ASSIGNMENT: Repeat all the data that appears below, keeping it exact.

GIVEN DATA:
......

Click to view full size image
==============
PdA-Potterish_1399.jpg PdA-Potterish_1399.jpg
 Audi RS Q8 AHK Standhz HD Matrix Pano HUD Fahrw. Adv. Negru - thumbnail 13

......

ANSWER FOR THIS EXERCISE:
Click to view full size image
==============
PdA-Potterish_1399.jpg PdA-Potterish_1399.jpg
 Audi RS Q8 AHK Standhz HD Matrix Pano HUD Fahrw. Adv. Negru - thumbnail 13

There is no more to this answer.